Je crois que
toute société crée son élite et son idéologie dominante. Celle-ci n’est pas
forcément liberticide. Les Etats-Unis, qui sont à la source de l’idéologie
dominante qui gouverne nos élites et notre société ont maintenu leur 1er
amendement en vigueur : c’est assez extraordinaire.
La France,
qui apparaît chaque jour davantage comme une province de l’Etat-monde que sont
les USA et leurs institutions économiques et militaires, n’a plus les moyens de
résister aux effets les plus délétères de l’idéologie dominante. La répression
des idées y est plus forte qu’au centre, et la souveraineté plus érodée.
Au-delà de
ces considérations sur l’indépendance qu’un pays peut maintenir, peut se
permettre vis à vis de l’idéologie dominante se pose la question centrale :
où nous conduit cette idéologie ? Est-elle aimable, nous rend-t-elle
heureux ? Car une « success idéologie » qui rend les gens
heureux peut supporter une répression forte contre les dissidents, et cela avec
bonne conscience : « pas de liberté pour les ennemis de la « liberté » »
Les avis
sont partagés. Une partie de la population s’accommode assez bien des pressions de l’idéologie
dominante. Les nouvelles lois sociétales sont plutôt approuvées.
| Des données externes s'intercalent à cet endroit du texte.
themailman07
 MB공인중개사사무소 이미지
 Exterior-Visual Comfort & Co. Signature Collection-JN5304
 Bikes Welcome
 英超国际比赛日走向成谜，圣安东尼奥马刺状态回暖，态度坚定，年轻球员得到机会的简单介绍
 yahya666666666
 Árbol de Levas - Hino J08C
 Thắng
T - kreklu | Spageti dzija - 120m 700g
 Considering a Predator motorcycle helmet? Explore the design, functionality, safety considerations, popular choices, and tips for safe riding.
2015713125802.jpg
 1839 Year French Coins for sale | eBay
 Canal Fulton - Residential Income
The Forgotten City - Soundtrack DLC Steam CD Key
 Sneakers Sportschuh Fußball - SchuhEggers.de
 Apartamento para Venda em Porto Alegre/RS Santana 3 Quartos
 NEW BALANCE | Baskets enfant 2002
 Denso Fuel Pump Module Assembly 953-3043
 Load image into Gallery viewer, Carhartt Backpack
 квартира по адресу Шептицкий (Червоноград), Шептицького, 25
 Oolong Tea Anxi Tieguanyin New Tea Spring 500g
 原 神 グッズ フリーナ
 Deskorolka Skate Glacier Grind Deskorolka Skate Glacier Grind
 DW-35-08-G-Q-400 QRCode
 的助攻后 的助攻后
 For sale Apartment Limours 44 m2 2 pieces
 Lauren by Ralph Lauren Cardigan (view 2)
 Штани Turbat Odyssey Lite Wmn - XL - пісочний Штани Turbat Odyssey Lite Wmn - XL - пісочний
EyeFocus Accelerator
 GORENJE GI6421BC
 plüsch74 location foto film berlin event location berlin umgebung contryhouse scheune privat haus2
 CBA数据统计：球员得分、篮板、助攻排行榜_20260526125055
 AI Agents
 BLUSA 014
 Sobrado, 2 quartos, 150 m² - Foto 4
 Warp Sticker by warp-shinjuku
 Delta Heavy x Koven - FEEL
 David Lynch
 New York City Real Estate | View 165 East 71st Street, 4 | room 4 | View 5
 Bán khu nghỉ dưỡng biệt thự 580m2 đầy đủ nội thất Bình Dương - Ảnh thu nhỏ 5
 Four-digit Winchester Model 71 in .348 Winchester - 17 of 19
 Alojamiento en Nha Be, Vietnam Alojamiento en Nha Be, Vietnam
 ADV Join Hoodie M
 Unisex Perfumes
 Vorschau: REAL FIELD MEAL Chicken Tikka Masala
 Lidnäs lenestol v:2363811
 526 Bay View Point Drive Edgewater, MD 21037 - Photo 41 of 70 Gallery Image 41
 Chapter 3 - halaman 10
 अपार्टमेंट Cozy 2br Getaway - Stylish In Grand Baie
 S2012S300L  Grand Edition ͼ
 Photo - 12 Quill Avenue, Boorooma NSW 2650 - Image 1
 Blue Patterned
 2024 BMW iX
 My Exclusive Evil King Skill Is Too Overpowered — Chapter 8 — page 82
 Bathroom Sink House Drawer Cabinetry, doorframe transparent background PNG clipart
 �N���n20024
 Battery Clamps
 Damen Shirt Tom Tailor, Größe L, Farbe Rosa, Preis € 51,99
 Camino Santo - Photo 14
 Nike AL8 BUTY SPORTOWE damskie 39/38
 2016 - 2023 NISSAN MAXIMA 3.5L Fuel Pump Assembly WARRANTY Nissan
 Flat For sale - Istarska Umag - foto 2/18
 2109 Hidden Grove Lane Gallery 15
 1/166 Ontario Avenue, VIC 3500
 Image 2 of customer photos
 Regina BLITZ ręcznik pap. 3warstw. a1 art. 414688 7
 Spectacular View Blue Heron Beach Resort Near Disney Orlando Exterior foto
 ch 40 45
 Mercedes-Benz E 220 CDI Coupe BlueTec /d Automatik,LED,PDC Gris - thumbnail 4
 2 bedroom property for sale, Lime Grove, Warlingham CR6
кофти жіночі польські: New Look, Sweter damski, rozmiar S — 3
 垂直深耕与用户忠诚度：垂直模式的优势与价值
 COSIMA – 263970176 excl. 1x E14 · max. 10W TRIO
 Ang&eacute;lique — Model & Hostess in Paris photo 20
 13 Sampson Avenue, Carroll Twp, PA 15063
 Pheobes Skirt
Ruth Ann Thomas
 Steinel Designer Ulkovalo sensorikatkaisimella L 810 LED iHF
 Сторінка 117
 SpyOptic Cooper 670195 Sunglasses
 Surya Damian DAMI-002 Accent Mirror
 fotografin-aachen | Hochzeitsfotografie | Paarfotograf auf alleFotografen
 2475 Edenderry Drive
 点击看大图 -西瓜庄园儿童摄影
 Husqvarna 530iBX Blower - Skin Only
Les nouvelles
technologies de la communication agissent comme une drogue : elles
sont perçues comme résultant des nouvelles technologies, inventées dans le
cadre de cette idéologie dominante qui ressort comme étant la locomotive
scientifique et technologique planétaire.
Ce sont les
effets collatéraux de cette idéologie mondialiste (globaliste comme disent les Anglo-saxons) qui passent mal : une part non négligeable des sociétés
développées décroche économiquement. Les grands déplacements de
populations déstabilisent les
néo-sédentaires (ceux dont les grands parents étaient des paysans enracinés
dans les provinces françaises il y a un siècle, et qui se sont aujourd’hui fixés
à la grande périphérie des méga-agglomérations).
La théorie du
genre ? la dévirilisation ? Les lois mémorielles ? La
judiciarisation ? Je crois que les gens s’en fichet un peu, quand ils ne
trouvent pas que c’est plutôt cool,
voire super (« normal d’interdire de critiquer des minorités »). Tout
juste s’inquiètent-ils de constater qu’une fille agressée dans le bus par une
bande de jeunes n’éveille aucune réaction : les gens baissent la tête.
Le
thermomètre, c’est Marine. Quand un sondage révèle ve que Marine pourrait faire
44% au second tour, on comprend que la colère monte. La colère car ces
électeurs ne pensent sans doute pas que Marine va apporter le bien-être et la prospérité
à chacun : ils n’en peuvent plus, tout simplement.
Et ce sont les
effets collatéraux, économiques et migratoires qu’ils ne supportent plus, d’abord
et avant tout, car il y a recul comparé au passé, et incertitude quant à l’avenir,
quant à l’unité de la société. La pression idéologique pré-totalitaire est
mieux tolérée (cf. la grenouille dans une casserole d’eau qui se réchauffe).
Le pacte
entre l’élite et la classe laborieuse, qui tenait bien tant que le niveau de
vie augmentait et que l’environnement (au sens large) n’était pas bouleversé, est
en train de se rompre. Sauve qui peut ! Et Bayrou s’allia à Macron (bien que ce dernier fut qualifié par le premier comme étant le porte parole de l’argent), tant la situation paraît « grave ».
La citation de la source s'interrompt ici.